Reports of Sundials' Death are Greatly Exaggerated?

Apologies for the tongue-in-cheek title.

According to this discussion,

native QNDF julia solvers now consistently outperform CVODE_BDF on the test suite. However, my experience solving reasonably stiff sets of ~100’s of ODEs that arise from method of lines problems is that CVODE_BDF is typically faster than native Julia solvers, and often more stable. To give some examples, here’s a simple method of lines solution of the single diffusion-reaction equation:

\frac{\partial c}{\partial t} = D \frac{\partial^2 c}{\partial x^2} - kc

with fixed Dirichlet boundary conditions at both ends.

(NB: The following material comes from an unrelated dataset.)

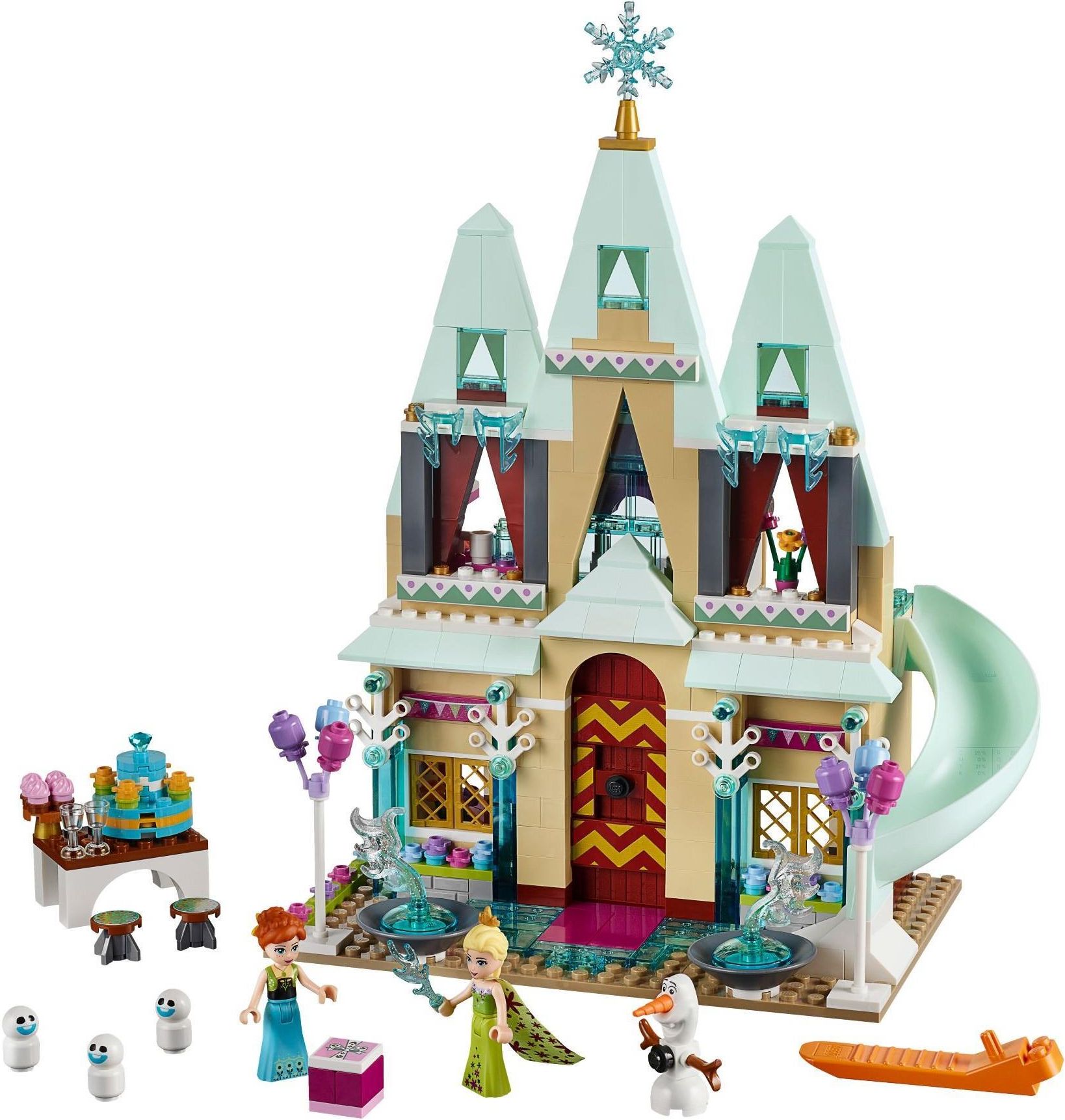 Klocki Lego Disney Princess Księżniczki Disneya Arendelle Castle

using DifferentialEquations
using LinearAlgebra
using Sundials
using BenchmarkTools

# Code Method of Lines Solver for Film Theory Model
# This code is modified from code published by Moore et al. in the SI of 10.1039/D2EE03237F.

#Inputs:
# - n, number of species, integer
# - R, function for reaction rate. Function input is local concentrations (mol/m3). Function output is rate of change of local concentrations (mol/m3.s). Input and ouput are both vectors of length n.
# - D, vector of diffusivities (m2/s). Vector of length n
# - c0, Initial concentrations of all species, mol/m3.
# - csurf, surface concentration of species 1 (dissolving gas, most often CO2), mol/m3
# - cbulk, concentrations of all species in bulk. Must satisfy R(cbulk) = 0, otherwise an error will be returned.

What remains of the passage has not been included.